Keywords: cancer-associated fibroblasts; cisplatin resistance; extracellular vesicles; hsa-miR-876-3p; insulin-like growth factor binding protein 3.

Figure 1

Effect of CAF-P or CAF-D CM on cisplatin efficacy in OSCC cells. (A) Primary fibroblasts were seeded in 6well plates containing cover slides and were immunostained with antibodies specific for fibroblasts (α-SMA), endothelial (CD31), and epithelial (pan-CK) cells. (B) After culturing OSCC cells in 96 well plates, the medium was changed with CM from CAF-D or CAF-P cells. After 16 h, cisplatin was treated for another 24 h, followed by MTT analysis. CMs from FaDu or UMSCC1 was used as controls. The spheroid formation with FaDu (C) and UMSCC1 (D) was observed in 96 well U-bottom ultra-low attachment plate for two days, followed by medium change with each CM. After cisplatin treatment for 14 days, spheroids were imaged using phase-contrast microscopy, and the size (surface area) was measured via Cell³iMager. Each experimental group consisted of eight spheroids, and a representative image is shown. The reduction of spheroid size is indicated by the relative percentage of size with cisplatin treatment compared with the size of vehicle treatment for 14 days. Results were presented as the mean ± standard deviation of three experiments. *p < 0.05; **p < 0.01. Scale bars: A 100 μm; C-D 500 μm.

Figure 2

Secretome antibody array in FaDu-CAF-P CM vs. FaDu-CAF-D CM. (A) Antibody microarray with each CM was performed using a Cytokine profiling antibody array with six replicates per antibody. (B) Heatmap of differentially abundant factors in the secretome among the matched groups (fold change of > 2 and p-value of < 0.05). Array results of each CM derived from FaDu-CAF-P or FaDu-CAF-D were normalized to the FaDu-FaDu CM. (C-D) After co-culture of FaDu and UMSCC1 with each CAF-P and CAF-D cell, at the same condition presented in A, OSCC spheroids and CAF cells were collected from bottom well and Transwell, respectively. mRNA and protein expression of IGFBP3 were compared using qPCR and western blot analysis. Results represent the mean ± standard deviation of three experiments. *p < 0.05; **p < 0.01; ***p < 0.005.

Figure 3

Effect of IGFBP3 on the cisplatin sensitivity in CMs from CAF-D or CAF-P. (A) FaDu and UMSCC1 spheroids were formed for two days.
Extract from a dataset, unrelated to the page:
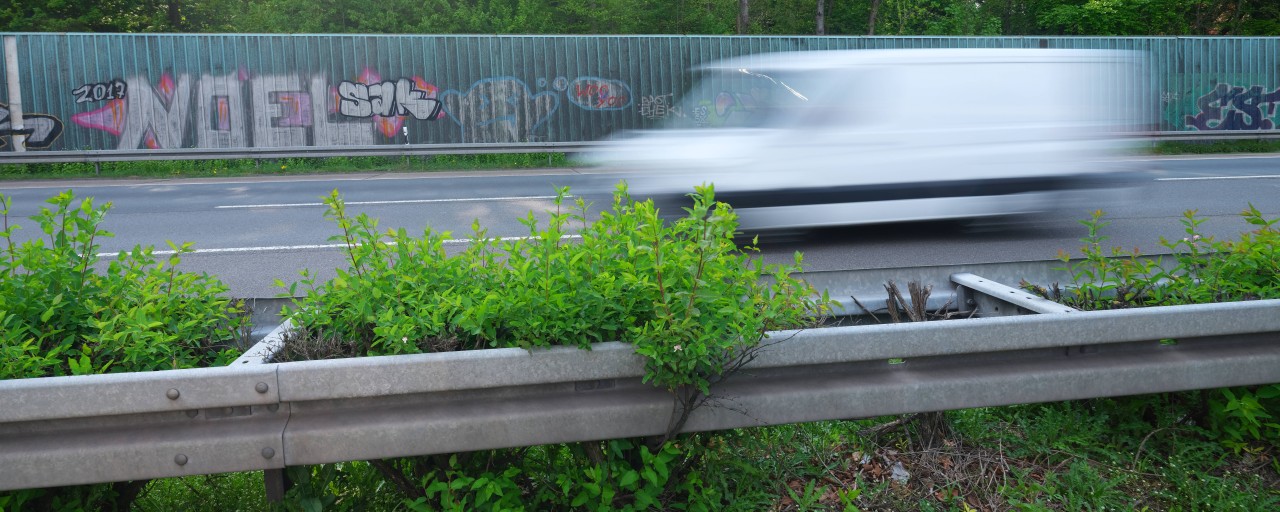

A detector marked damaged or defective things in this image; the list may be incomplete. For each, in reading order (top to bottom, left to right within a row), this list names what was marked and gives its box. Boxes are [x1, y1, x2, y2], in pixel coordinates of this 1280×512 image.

After transfection with siIGFBP3 for 24 h, the medium was replaced with CAF-D CM. After 16 h, cisplatin was added for another 14 days. (B) After transfection with a pCMV3-ORF-IGFBP3 vector in spheroids for 24 h, the medium was replaced with each CM. After 16 h, cisplatin was added for another 14 days. The pCMV3 vector was used as a control. Spheroids were imaged via phase-contrast microscopy, and the size (surface area) was measured with Cell³iMager. Each experimental group comprises eight spheroids, and a representative image is given. Results were presented as the mean ± standard deviation of three experiments. (C) FaDu spheroids (< 400 μm in diameter) were prepared in 96 well plates. Overall, 50 FaDu spheroids (approximately 5 × 10⁵ cells) transfected with the overexpression vector were co-injected with the same number of CAF-P cells into the right and left backs of mice. After 20 days, cisplatin (2.5 mg/kg) or DMSO (0.1% v/v in PBS) vehicle control was intraperitoneally injected 2 times a week and sacrificed on the 19^th day after cisplatin administration. Tumor volume was measured using a caliper till sacrifice. The reduction of tumor burden represents the percentage of xenograft size reduction under cisplatin treatment compared with that under the vehicle-treated control vector or IGFBP3-overexpressed group. *p < 0.05; **p < 0.01. Scale bars: A-B 500 μm.

Figure 4

Effect of CAF-derived EV on cisplatin resistance. (A) Characterization of EV derived from CAF-P and CAF-D cells was performed via NTA. TEM images of EV revealed round-shaped vesicles. The mean size of EV and concentrations were presented. (B) EVs were pre-stained with lipid tracer dye DiD (red), followed by incubation with cells for 24 h at 37 °C. Confocal microscopy was used to detect EV internalization into cells. The white arrows indicate EV internalized into cells. (C) EVs (1 ͯ 10⁷ particles/mL, MOI = 100) were incubated with cells for 24 h, followed by cisplatin treatment for another 24 h. MTT assay was performed to compare cell viability. (D) OSCC organoids derived from mouse xenografts formed with FaDu or UMSCC1 cells were stained with an antibody against KRT13, a representative squamous epithelial cell marker. (E) EVs (MOI = 100) were incubated with organoids in 24 well plate for 16 h, followed by cisplatin treatment for another seven days. The organoid size was monitored using a Nikon ECLIPSE Ti microscope. Each experimental group consisted of approximately five organoids per 24 well plate, and a representative image is presented. Results represent the mean ± standard deviation of 2-3 experiments. *p < 0.05; **p < 0.01. Scale bars: D-E 100 μm.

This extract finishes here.